▸ What the exercise asks
Would you copy the lines below exactly and omit the images?

▸ Given data
────────

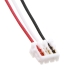 Baterie căști wireless Snom A190 (CS-SNA190SL)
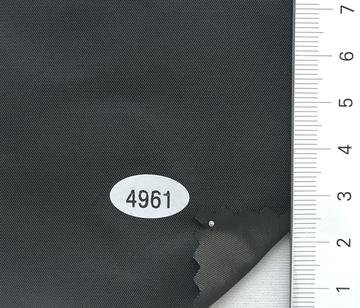 4961 Deep Green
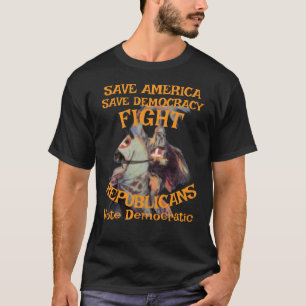 GEZONDHEID ZL X1 KP ZORG KOSTPRIJS KUNNEN BETALEN T-SHIRT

────────

▸ Solution
 Baterie căști wireless Snom A190 (CS-SNA190SL)
 4961 Deep Green
 GEZONDHEID ZL X1 KP ZORG KOSTPRIJS KUNNEN BETALEN T-SHIRT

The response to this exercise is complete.